Dictation is an unusual way of writing for me. As a typist, I'm used to thinking while typing and thinking at the speed of my fingers. Sometimes I feel like I need to write to clarify what I think. But when I’m dictating, I end up taking long pauses as I try to figure out what to say next – it feels like using an entirely different part of my brain than when I’m typing.
The whole experience makes me think of a scene from a TV show — I think it was Mad Men — where an executive dictates a letter to a secretary. They speak with perfect grammar and without pausing, as if they know exactly what to say and can do it in real-time. Of course, it’s TV so it’s fake! But dictating is a skill that seems completely different from the one I've developed over the past 30 years.
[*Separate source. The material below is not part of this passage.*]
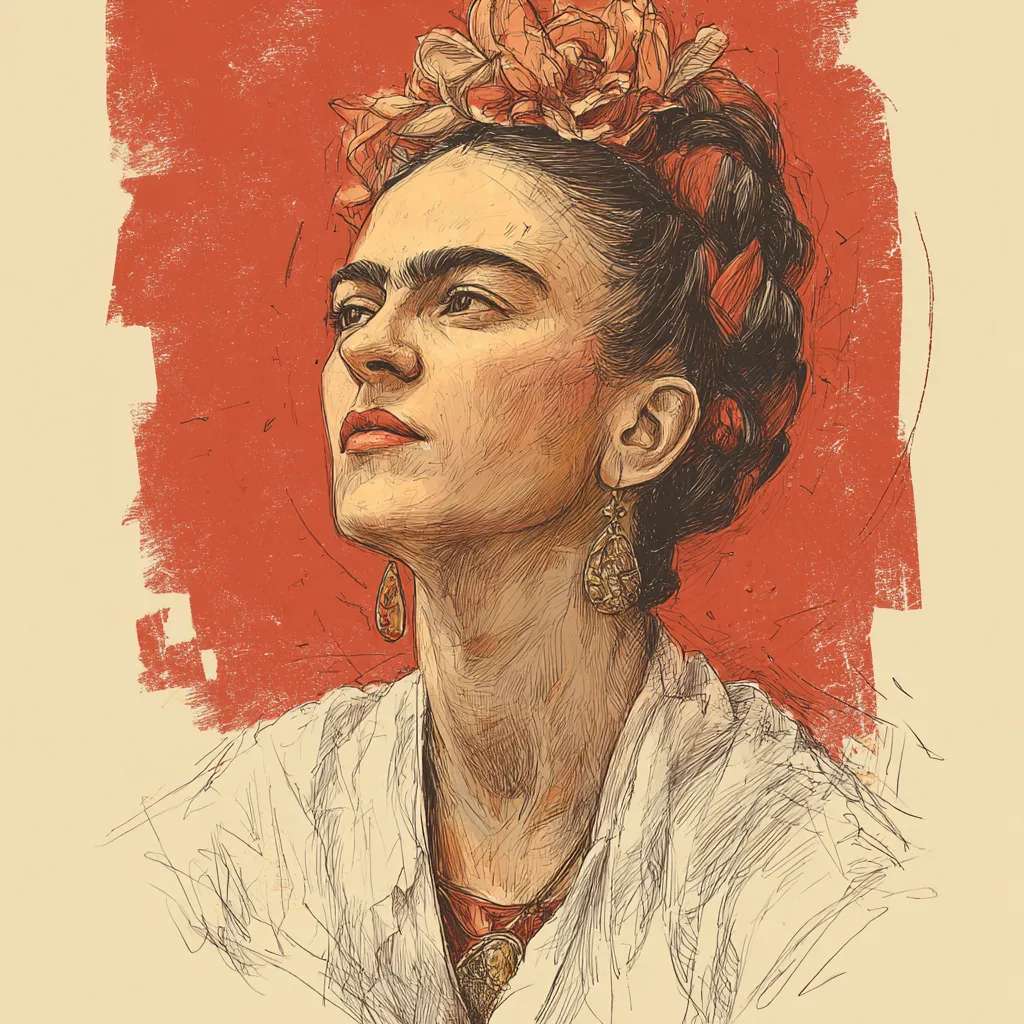 Illustration of Frida Kahlo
If we shift from a world where most people interact with technology by typing to one where dictation becomes the norm, how will it impact our thinking, writing, and expectations? If most people are writing emails by dictating, what will happen to the way we speak? How will that change the tone and character of our emails? What's going to adapt more: our speech or written communication? Will we learn to dictate in a way that mirrors how we write today, or will email writing evolve to be more like spoken language?
My guess is that we are going to start to expect that our dictation software interprets for us as well as listens to us. Rather than writing down exactly what we say, we're going to expect that our software writes down what we mean.
Maybe that's similar to how dictation used to work when people would dictate letters to a secretary. So us modern professionals will need to re-learn a lost set of skills as we start talking to our technology more and more.
I wonder how it would go if you built a little interpolation agent to take in what you say raw, reformat it with good grammar, and then print that reformed dictation to whatever app you were using.